Then I started a new topic: lexical scope. This is just one example of a number of related topics that have to do with the static properties of a program versus the dynamic properties of a program. The terms compile time and run time are related terms because we can think of these as the static properties that can be deduced ahead of time by a program like a compiler versus the dynamic properties that are apparent only when the program actually executes.
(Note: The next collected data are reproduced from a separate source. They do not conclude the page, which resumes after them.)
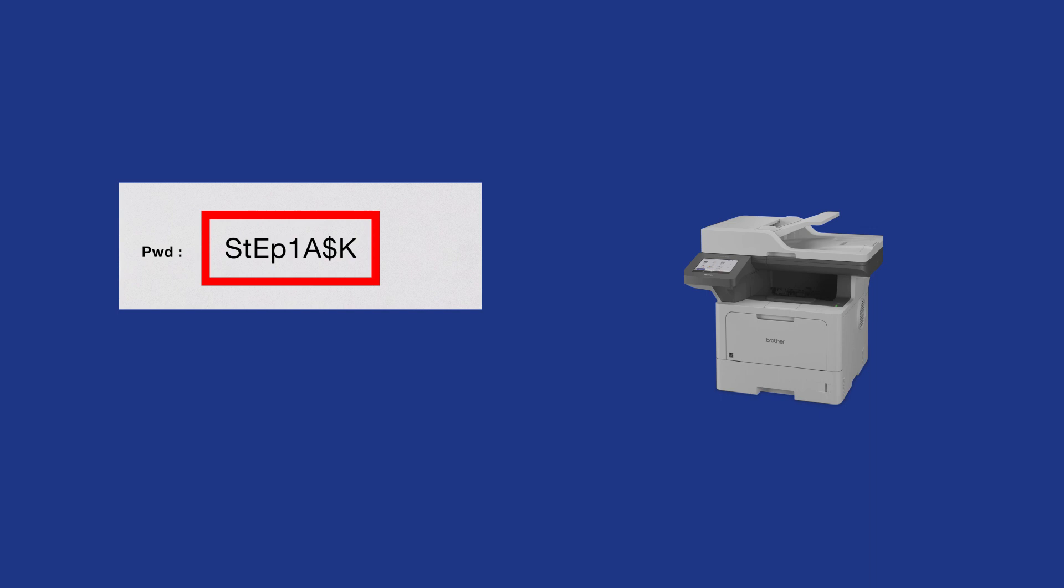Your password will be the characters to the right of PWD. Your password will be exactly eight characters. It will be case sensitive and may include letters, numbers, and symbols.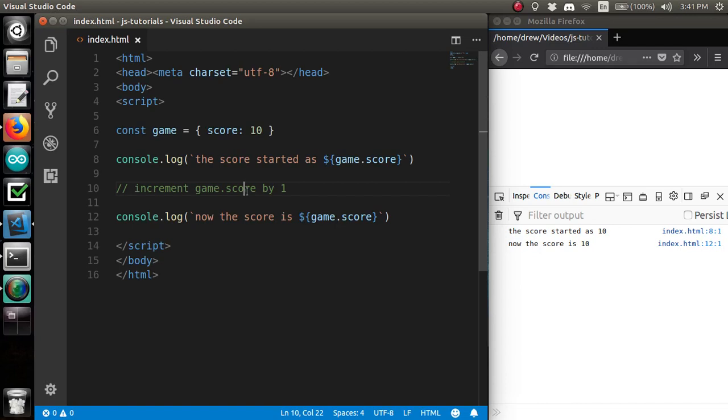Hi, it's Darius, and in this video we're going to be talking about functions in JavaScript. But first, let's go over the challenge from last video.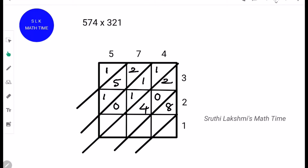Next, 1 into 5 is 5, so we write it as 05. 1 into 7 is 07. Next, 1 into 4 is 04. We write the 4 down as it is.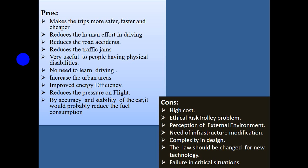Cons. The disadvantages include: high cost; ethical risk and the trolley problem; imprecision in detecting external environments; the need for infrastructure modification; complexity in design; laws need to be changed for the new technology; and failure in critical situations.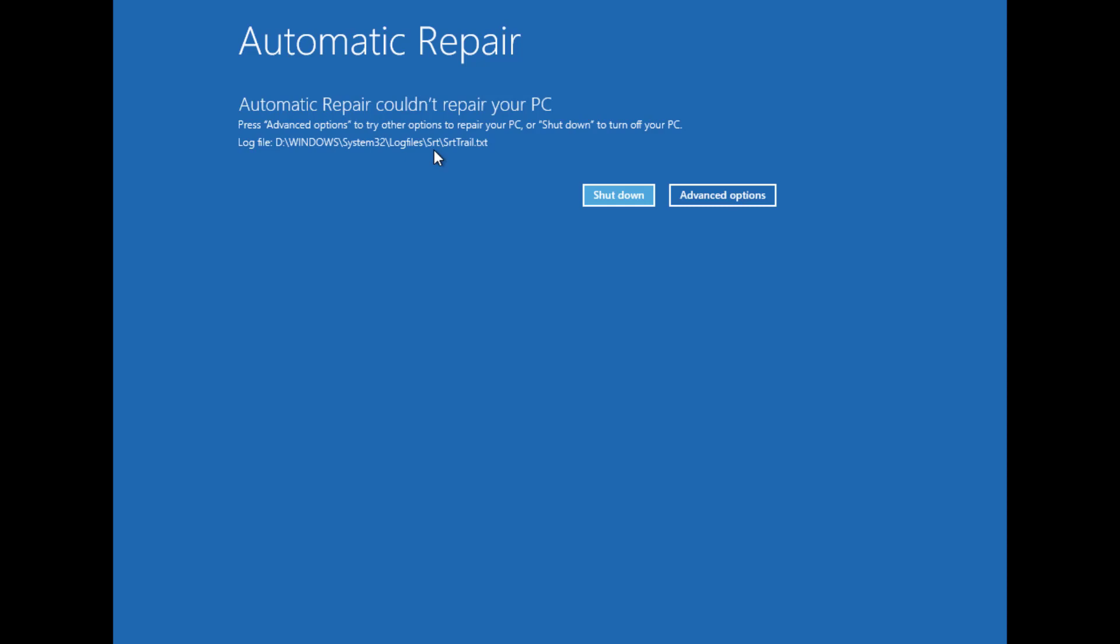If you get into this situation, here we'll show you how to fix this error using the system restore option.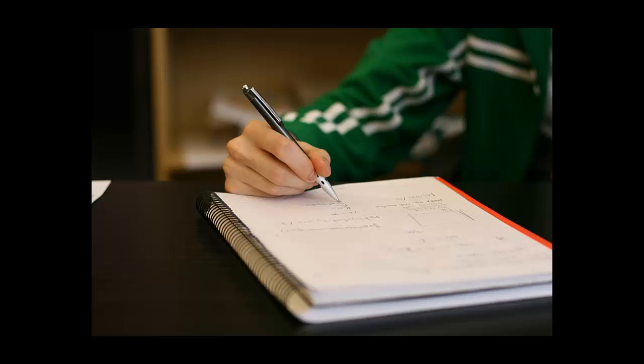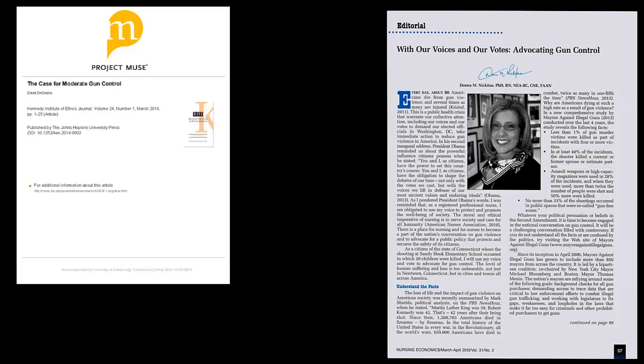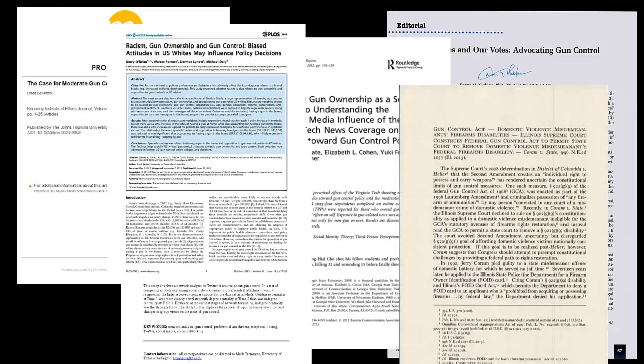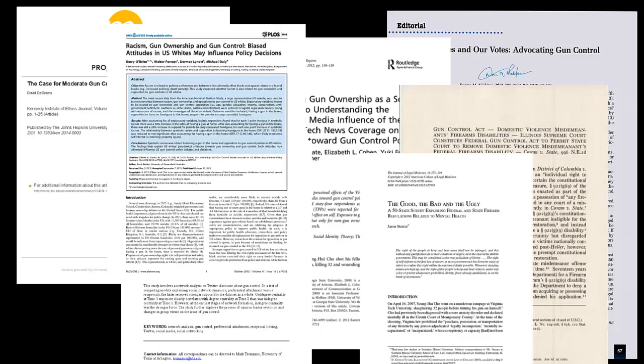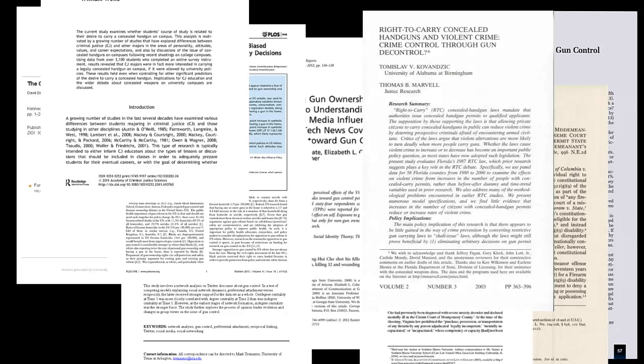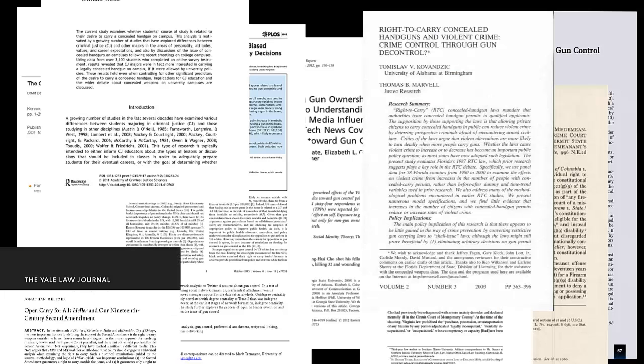At this stage, you shouldn't worry too much about sources. You'd be surprised at the number of articles out there. If you pick a topic solely because it's popular, you may have too many sources to sift through.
Lexical scope is a static property, which is why it is sometimes referred to as static scoping (e.g., in the wikipedia entry about scope). I started a two-column list of static versus dynamic properties:
static dynamic
before execution during execution
compile-time run-time
compilers interpreters
lexical scope dynamic scope
control flow (what calls what)
Lexical scope will be familiar because Java uses it. Consider, for example,
the following program:
public class Scope {
public static int x = 10;
public static void main(String[] args) {
System.out.println(x);
if (x > 0) {
int x = 20;
System.out.println(x);
}
int x = 30;
System.out.println(x);
}
}
In Java, every set of curly braces introduces a new lexical scope (a new region
of the program known as a block). In the program
above, there is an outer scope for the overall class and an inner scope for
method main and for the if:
+------------------------------------------------+
| public class Scope { |
| public static int x = 10; |
| +------------------------------------------+ |
| | public static void main(String[] args) { | |
| | System.out.println(x); | |
| | +----------------------------+ | |
| | | if (x > 0) { | | |
| | | int x = 20; | | |
| | | System.out.println(x); | | |
| | | } | | |
| | +----------------------------+ | |
| | int x = 30; | |
| | System.out.println(x); | |
| | } | |
| +------------------------------------------+ |
| } |
+------------------------------------------------+
We want to pay attention to the identifier "x" as it is used in each of these
scopes. There is a global variable x declared in the outer scope that is
printed by the first call on println. There is a local x that shadows the
global x that is defined inside the if block and is printed by the second
println. And there is a different local x that shadows the global x and that
is printed by the third println. So the output of this program is 10, 20,
30.I briefly mentioned that there is a different approach to scope called dynamic scope in which each function call opens a new scope. For example, if you defined Java methods in the following way:
public void f1() {
System.out.println(x);
}
public void f2() {
int x = 3;
f1();
}
Under dynamic scope rules, you could call f2 and the method f1 would use f2's
local variable x. Dynamic scope isn't used in many languages, so I said that
we wouldn't devote much time to it.I then spent some time discussing why it is difficult in a language like Java to create a closure. We looked again at the main method from our scope example and I asked people to consider what would be involved in defining a closure at three different points of execution:
public static void main(String[] args) {
System.out.println(x);
// form a closure here
if (x > 0) {
int x = 20;
System.out.println(x);
// form a closure here
}
int x = 30;
System.out.println(x);
// form a closure here
}
In each case we would have to preserve the environment that existed at that
point in program execution. It's important to realize that if we were to
form a closure to define, say, a function, then the function we define might
not be called until much later in time. The biggest problem here comes from
the local variables. In Java we expect local variables to come into existence
and then to go away when we exit a scope. To form a closure, we'd have to
somehow preserve those local variables for a longer period of time.I quickly pointed out that in Java, you can have an inner class that makes reference to fields and methods from the other class, as in:
public class ArrayIntList extends AbstractIntList {
{
private int position; // current position within the list
private boolean removeOK; // whether it's okay to remove now
// post: constructs an iterator for the given list
public ArrayIterator() {
position = 0;
removeOK = false;
}
public boolean hasNext() {
return position < size();
}
public Integer next() {
if (!hasNext())
throw new NoSuchElementException();
int result = get(position);
position++;
removeOK = true;
return result;
}
public void remove() {
if (!removeOK)
throw new IllegalStateException();
ArrayIntList.this.remove(position - 1);
position--;
removeOK = false;
}
}
}
This a common pattern in Java to implement iterators as inner classes. One of
the key lines of code to look at is the body of the hasNext method. The
iterator has a field called position that it compares to the value of
"size()". That's a method call, but on what method? It's certainly not a call
on "this.size()" because the iterator does not have a method called size.
Instead Java considers this a call on the size method of the outer class.But how is this done? How can an object of an inner class call a method of the outer class? The answer is that Java provides something like a function closure. The inner class exists within an enviroment of an outer class with fields and methods. The inner object is constructed so that it has access to this outer environment. In other words, the inner object has a closure relative to this outer environment.
You can see this even more clearly in the remove method that has a call on the outer objects remove method. The call is on "ArrayIntlist.this.remove" which is a notation that specifically says, "call this on the outer object's remove method." I said that we would discuss this more in Friday's lecture.